● WHAT YOU WILL DO
Your answer should be the lines from the one with "Moncler Maya - Snygg" to the end of the data below, both included, exact and free of pictures.

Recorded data
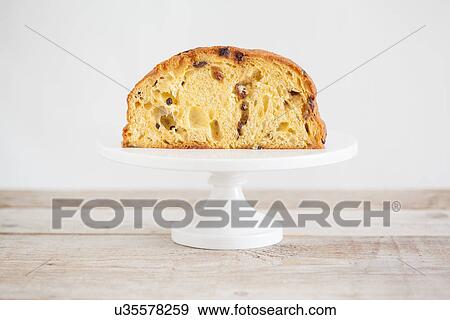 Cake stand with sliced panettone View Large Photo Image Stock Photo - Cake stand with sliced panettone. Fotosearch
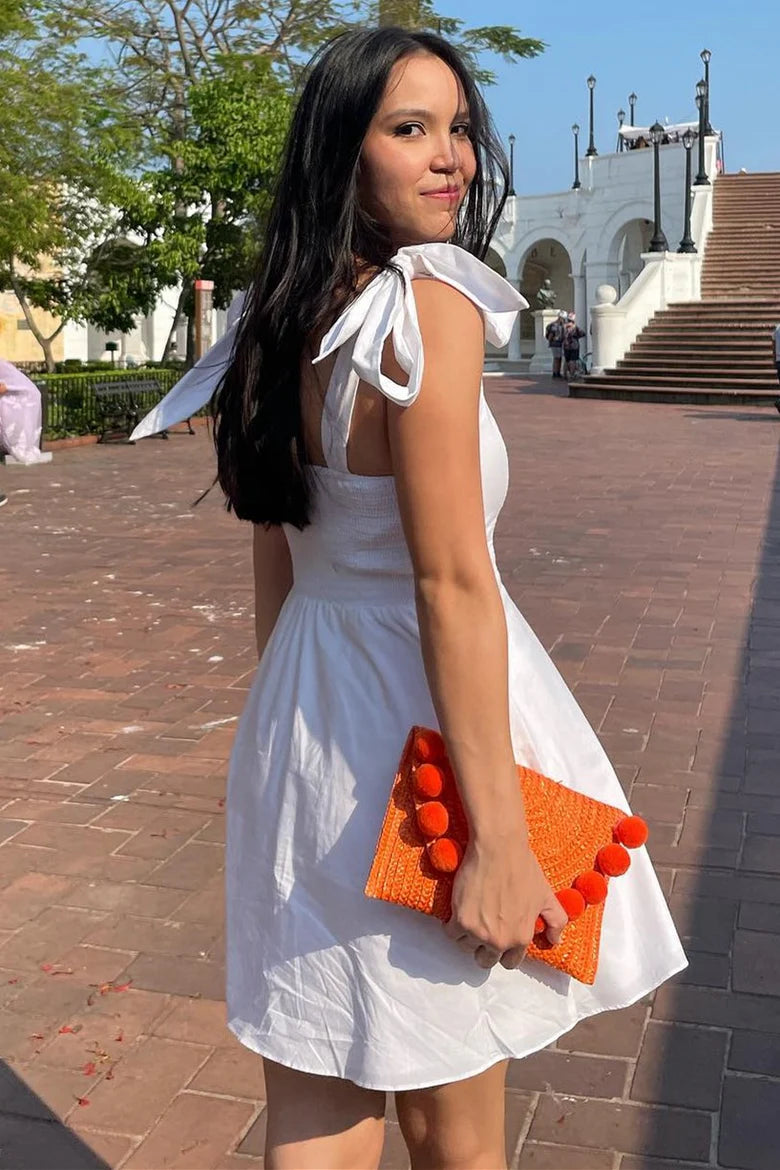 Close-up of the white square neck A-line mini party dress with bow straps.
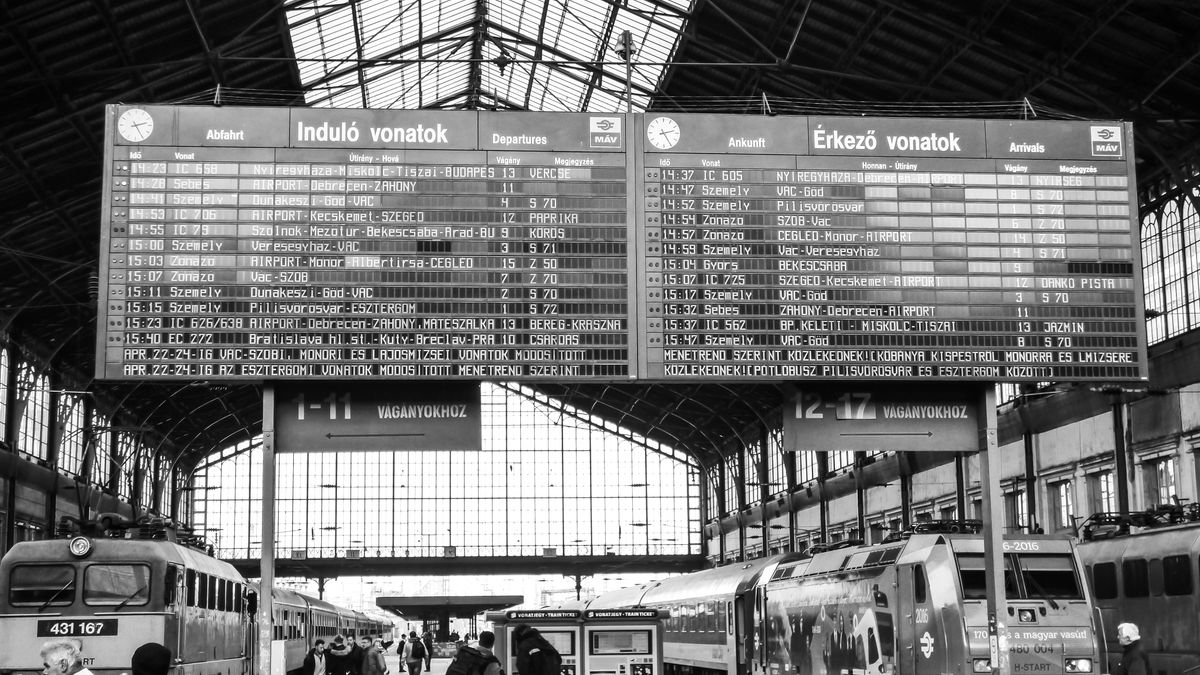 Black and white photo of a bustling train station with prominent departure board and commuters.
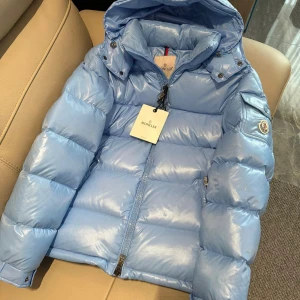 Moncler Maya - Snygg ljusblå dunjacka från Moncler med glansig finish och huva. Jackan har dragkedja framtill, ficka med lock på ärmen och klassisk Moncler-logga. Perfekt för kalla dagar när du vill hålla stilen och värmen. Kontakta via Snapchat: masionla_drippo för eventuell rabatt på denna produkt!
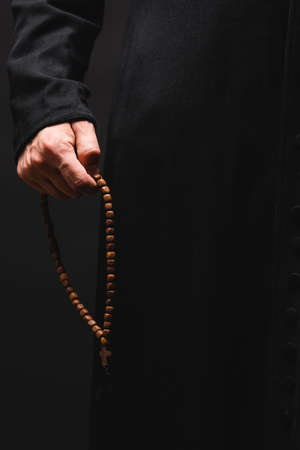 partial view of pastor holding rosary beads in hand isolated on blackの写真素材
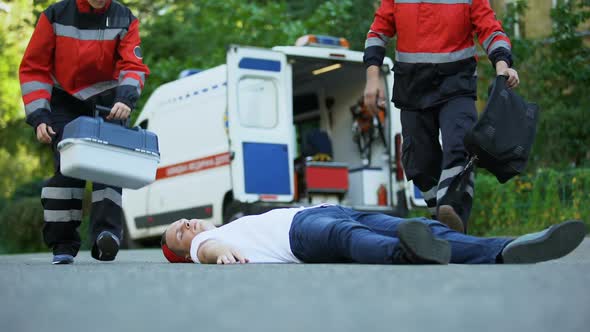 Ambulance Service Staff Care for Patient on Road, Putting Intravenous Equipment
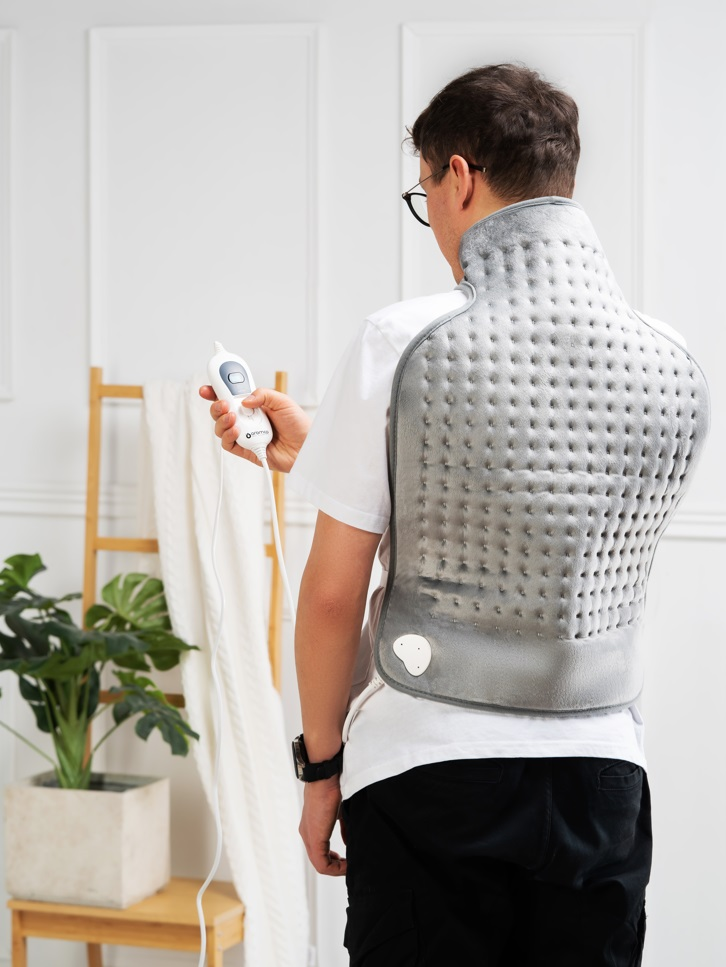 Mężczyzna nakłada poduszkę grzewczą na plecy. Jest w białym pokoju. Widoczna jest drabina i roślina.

● SOLUTION FOR THIS TASK
 Moncler Maya - Snygg ljusblå dunjacka från Moncler med glansig finish och huva. Jackan har dragkedja framtill, ficka med lock på ärmen och klassisk Moncler-logga. Perfekt för kalla dagar när du vill hålla stilen och värmen. Kontakta via Snapchat: masionla_drippo för eventuell rabatt på denna produkt!
 partial view of pastor holding rosary beads in hand isolated on blackの写真素材
 Ambulance Service Staff Care for Patient on Road, Putting Intravenous Equipment
 Mężczyzna nakłada poduszkę grzewczą na plecy. Jest w białym pokoju. Widoczna jest drabina i roślina.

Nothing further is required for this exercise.